Crowe enters Romper Stomper in a slick opening scene that very much resembles earlier, seminal street-gang movies noted for their stylistic flamboyance like A Clockwork Orange (Stanley Kubrick, 1971) and The Warriors (Walter Hill, 1979). Yet despite of (or because of) the surrounding visual pyrotechnics, Crowe immediately projects a screen presence that focuses attention on his character, establishing group hierarchy as well as subtly informing the audience that they are witnessing a bona-fide star on the rise, capable of holding even the most bustling scene together with effortless ease. Credit too should go to director Wright, who unlike, say, Tony Scott, never mistakes flare for flair in his overall mise en scène. The scene is a near perfect illustration of aesthetician Arnold Berleant’s view of filmic art: “like recorded music, the substance of film is exclusively perceptual, while its technical origins remain hidden. The cinematic world then is purely phenomenal.” (2)

The opening scene grabs the audience in a vice, and the film never lets up thereafter. We see Hando and his cohorts terrorise and beat up a pair of young Vietnamese youths in the kind of dark and dingy underpass that signals urban menace, neon lit and cinematically rain-slicked, as the diegetic sounds of the scene become exaggerated and guttural, taking on a subjective colouring that is more expressionistic than realistic.

As Crowe confronts one of the Vietnamese kids and pushes him up against the wall, he delivers the following lines of dialogue, filled with the sort of pent up racist aggression that serves as a harrowingly believable prelude to the blunt violence in which the scene climaxes. Crowe says menacingly: “Why did you push me? Look at me. I want to tell to tell you something. This is not your country.” Once the characters are presented in close-up and their names blazed across the screen in captions (a trick copied to great effect, and made into a signature by Nicolas Winding Refn in the similarly hard-hitting Danish actioner Pusher [1996]), the scene is set for one of the greatest chase-movies of the decade.
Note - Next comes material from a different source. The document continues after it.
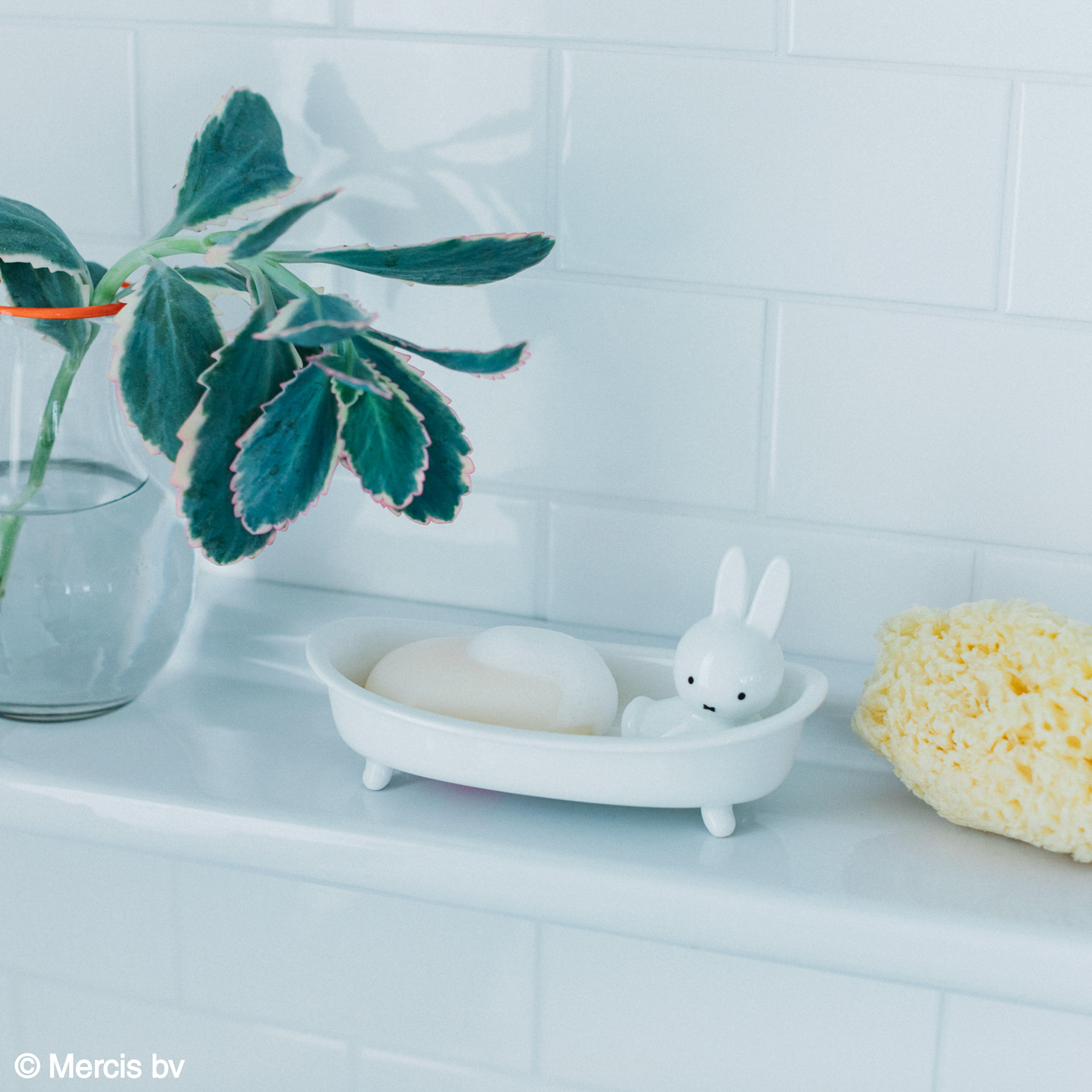 「ソープディッシュ」（2200円）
Romper Stomper drew some rather unfair criticism for its stylistically lively approach to the subject matter, but also saw the arrival of a star of the highest order, even if Crowe, as Bogart had done early in his career, essentially played the bad guy who gets it in the end.

Endnotes

  1. David Thomson, The New Biographical Dictionary of Film, Alfred A. Knopf, New York, 2002, p. 174.
  2. Arnold Berleant, Art and Engagement, Temple University Press, Philadelphia, 1991, p. 176.

About The Author

Inge Fossen is a Norwegian writer with an MA in Film Studies from Lillehammer University College, Norway (2009), and an MA in Art History from Uppsala University, Sweden, (2010). His key interest is the intersection between journalism and academic criticism.